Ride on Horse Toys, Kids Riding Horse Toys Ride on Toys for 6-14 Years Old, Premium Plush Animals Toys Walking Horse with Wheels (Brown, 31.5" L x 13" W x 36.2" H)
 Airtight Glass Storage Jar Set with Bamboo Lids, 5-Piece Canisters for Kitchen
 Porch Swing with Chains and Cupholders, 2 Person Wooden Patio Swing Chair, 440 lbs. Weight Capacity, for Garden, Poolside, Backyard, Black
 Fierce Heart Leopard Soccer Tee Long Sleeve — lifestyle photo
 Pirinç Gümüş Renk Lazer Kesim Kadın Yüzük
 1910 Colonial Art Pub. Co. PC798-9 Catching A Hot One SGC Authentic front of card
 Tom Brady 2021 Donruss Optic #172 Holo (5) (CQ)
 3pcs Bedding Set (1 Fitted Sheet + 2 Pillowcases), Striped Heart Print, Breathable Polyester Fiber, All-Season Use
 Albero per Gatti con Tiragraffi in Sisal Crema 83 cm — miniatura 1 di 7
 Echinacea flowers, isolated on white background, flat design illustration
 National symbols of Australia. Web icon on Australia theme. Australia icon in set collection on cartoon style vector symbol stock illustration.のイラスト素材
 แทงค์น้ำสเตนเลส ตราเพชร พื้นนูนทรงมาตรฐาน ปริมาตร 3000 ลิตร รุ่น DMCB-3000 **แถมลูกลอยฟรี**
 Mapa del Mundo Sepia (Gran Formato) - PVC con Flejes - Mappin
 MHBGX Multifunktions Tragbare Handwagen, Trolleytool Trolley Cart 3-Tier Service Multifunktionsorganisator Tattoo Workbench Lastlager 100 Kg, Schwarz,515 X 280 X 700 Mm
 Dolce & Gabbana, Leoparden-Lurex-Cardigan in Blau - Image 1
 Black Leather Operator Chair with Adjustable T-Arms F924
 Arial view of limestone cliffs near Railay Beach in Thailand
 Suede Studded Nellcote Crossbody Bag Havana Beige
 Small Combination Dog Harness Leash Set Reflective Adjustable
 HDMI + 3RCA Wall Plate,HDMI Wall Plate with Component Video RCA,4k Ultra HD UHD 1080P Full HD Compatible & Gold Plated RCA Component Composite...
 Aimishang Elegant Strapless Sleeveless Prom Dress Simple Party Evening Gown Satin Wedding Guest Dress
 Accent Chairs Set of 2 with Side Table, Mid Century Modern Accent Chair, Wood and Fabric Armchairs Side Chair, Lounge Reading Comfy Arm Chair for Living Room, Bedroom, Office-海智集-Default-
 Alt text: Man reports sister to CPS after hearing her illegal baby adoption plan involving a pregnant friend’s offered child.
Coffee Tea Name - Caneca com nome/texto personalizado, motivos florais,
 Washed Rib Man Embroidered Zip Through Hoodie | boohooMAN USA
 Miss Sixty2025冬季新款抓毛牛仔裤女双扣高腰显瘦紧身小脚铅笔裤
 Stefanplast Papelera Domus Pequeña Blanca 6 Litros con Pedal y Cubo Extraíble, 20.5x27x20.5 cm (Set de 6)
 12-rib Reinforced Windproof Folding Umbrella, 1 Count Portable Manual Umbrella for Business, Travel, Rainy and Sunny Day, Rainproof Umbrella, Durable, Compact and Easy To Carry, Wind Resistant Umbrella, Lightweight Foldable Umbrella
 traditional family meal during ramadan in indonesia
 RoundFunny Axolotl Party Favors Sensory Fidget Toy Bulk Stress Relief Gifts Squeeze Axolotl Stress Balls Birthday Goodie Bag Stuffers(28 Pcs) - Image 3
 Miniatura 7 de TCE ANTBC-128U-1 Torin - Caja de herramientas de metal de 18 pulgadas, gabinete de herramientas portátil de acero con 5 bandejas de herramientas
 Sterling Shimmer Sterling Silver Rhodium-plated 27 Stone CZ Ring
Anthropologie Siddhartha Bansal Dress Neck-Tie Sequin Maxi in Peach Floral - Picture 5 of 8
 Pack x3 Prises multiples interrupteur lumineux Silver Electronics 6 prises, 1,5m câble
··········
**Work request**:
What you write must match the material above exactly and in full.

**Final answer**:
Ride on Horse Toys, Kids Riding Horse Toys Ride on Toys for 6-14 Years Old, Premium Plush Animals Toys Walking Horse with Wheels (Brown, 31.5" L x 13" W x 36.2" H)
 Airtight Glass Storage Jar Set with Bamboo Lids, 5-Piece Canisters for Kitchen
 Porch Swing with Chains and Cupholders, 2 Person Wooden Patio Swing Chair, 440 lbs. Weight Capacity, for Garden, Poolside, Backyard, Black
 Fierce Heart Leopard Soccer Tee Long Sleeve — lifestyle photo
 Pirinç Gümüş Renk Lazer Kesim Kadın Yüzük
 1910 Colonial Art Pub. Co. PC798-9 Catching A Hot One SGC Authentic front of card
 Tom Brady 2021 Donruss Optic #172 Holo (5) (CQ)
 3pcs Bedding Set (1 Fitted Sheet + 2 Pillowcases), Striped Heart Print, Breathable Polyester Fiber, All-Season Use
 Albero per Gatti con Tiragraffi in Sisal Crema 83 cm — miniatura 1 di 7
 Echinacea flowers, isolated on white background, flat design illustration
 National symbols of Australia. Web icon on Australia theme. Australia icon in set collection on cartoon style vector symbol stock illustration.のイラスト素材
 แทงค์น้ำสเตนเลส ตราเพชร พื้นนูนทรงมาตรฐาน ปริมาตร 3000 ลิตร รุ่น DMCB-3000 **แถมลูกลอยฟรี**
 Mapa del Mundo Sepia (Gran Formato) - PVC con Flejes - Mappin
 MHBGX Multifunktions Tragbare Handwagen, Trolleytool Trolley Cart 3-Tier Service Multifunktionsorganisator Tattoo Workbench Lastlager 100 Kg, Schwarz,515 X 280 X 700 Mm
 Dolce & Gabbana, Leoparden-Lurex-Cardigan in Blau - Image 1
 Black Leather Operator Chair with Adjustable T-Arms F924
 Arial view of limestone cliffs near Railay Beach in Thailand
 Suede Studded Nellcote Crossbody Bag Havana Beige
 Small Combination Dog Harness Leash Set Reflective Adjustable
 HDMI + 3RCA Wall Plate,HDMI Wall Plate with Component Video RCA,4k Ultra HD UHD 1080P Full HD Compatible & Gold Plated RCA Component Composite...
 Aimishang Elegant Strapless Sleeveless Prom Dress Simple Party Evening Gown Satin Wedding Guest Dress
 Accent Chairs Set of 2 with Side Table, Mid Century Modern Accent Chair, Wood and Fabric Armchairs Side Chair, Lounge Reading Comfy Arm Chair for Living Room, Bedroom, Office-海智集-Default-
 Alt text: Man reports sister to CPS after hearing her illegal baby adoption plan involving a pregnant friend’s offered child.
Coffee Tea Name - Caneca com nome/texto personalizado, motivos florais,
 Washed Rib Man Embroidered Zip Through Hoodie | boohooMAN USA
 Miss Sixty2025冬季新款抓毛牛仔裤女双扣高腰显瘦紧身小脚铅笔裤
 Stefanplast Papelera Domus Pequeña Blanca 6 Litros con Pedal y Cubo Extraíble, 20.5x27x20.5 cm (Set de 6)
 12-rib Reinforced Windproof Folding Umbrella, 1 Count Portable Manual Umbrella for Business, Travel, Rainy and Sunny Day, Rainproof Umbrella, Durable, Compact and Easy To Carry, Wind Resistant Umbrella, Lightweight Foldable Umbrella
 traditional family meal during ramadan in indonesia
 RoundFunny Axolotl Party Favors Sensory Fidget Toy Bulk Stress Relief Gifts Squeeze Axolotl Stress Balls Birthday Goodie Bag Stuffers(28 Pcs) - Image 3
 Miniatura 7 de TCE ANTBC-128U-1 Torin - Caja de herramientas de metal de 18 pulgadas, gabinete de herramientas portátil de acero con 5 bandejas de herramientas
 Sterling Shimmer Sterling Silver Rhodium-plated 27 Stone CZ Ring
Anthropologie Siddhartha Bansal Dress Neck-Tie Sequin Maxi in Peach Floral - Picture 5 of 8
 Pack x3 Prises multiples interrupteur lumineux Silver Electronics 6 prises, 1,5m câble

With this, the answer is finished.